What is required:
When the line containing "Vidéo : Tuto" is reached, begin reproducing lines exactly and continue through the last line of the records below.
━━━━━━━━━━━━━━━━
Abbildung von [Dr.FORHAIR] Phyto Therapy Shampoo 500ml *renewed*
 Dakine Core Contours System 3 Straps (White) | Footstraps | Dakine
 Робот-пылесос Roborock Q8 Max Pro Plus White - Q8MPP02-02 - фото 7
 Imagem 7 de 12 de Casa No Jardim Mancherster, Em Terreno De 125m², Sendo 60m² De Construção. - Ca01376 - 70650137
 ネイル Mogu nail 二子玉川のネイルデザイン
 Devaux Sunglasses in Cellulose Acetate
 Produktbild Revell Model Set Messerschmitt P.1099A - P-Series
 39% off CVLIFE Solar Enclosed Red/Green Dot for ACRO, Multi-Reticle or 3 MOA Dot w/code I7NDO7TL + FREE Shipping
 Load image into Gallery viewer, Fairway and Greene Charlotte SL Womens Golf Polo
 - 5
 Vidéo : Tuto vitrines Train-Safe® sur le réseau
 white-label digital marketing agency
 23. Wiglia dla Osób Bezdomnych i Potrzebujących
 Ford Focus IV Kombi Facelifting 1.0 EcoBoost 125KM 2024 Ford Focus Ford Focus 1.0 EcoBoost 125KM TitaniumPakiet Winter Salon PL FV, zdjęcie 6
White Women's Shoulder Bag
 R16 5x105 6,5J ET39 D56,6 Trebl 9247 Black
━━━━━━━━━━━━━━━━
Exercise answer:
 Vidéo : Tuto vitrines Train-Safe® sur le réseau
 white-label digital marketing agency
 23. Wiglia dla Osób Bezdomnych i Potrzebujących
 Ford Focus IV Kombi Facelifting 1.0 EcoBoost 125KM 2024 Ford Focus Ford Focus 1.0 EcoBoost 125KM TitaniumPakiet Winter Salon PL FV, zdjęcie 6
White Women's Shoulder Bag
 R16 5x105 6,5J ET39 D56,6 Trebl 9247 Black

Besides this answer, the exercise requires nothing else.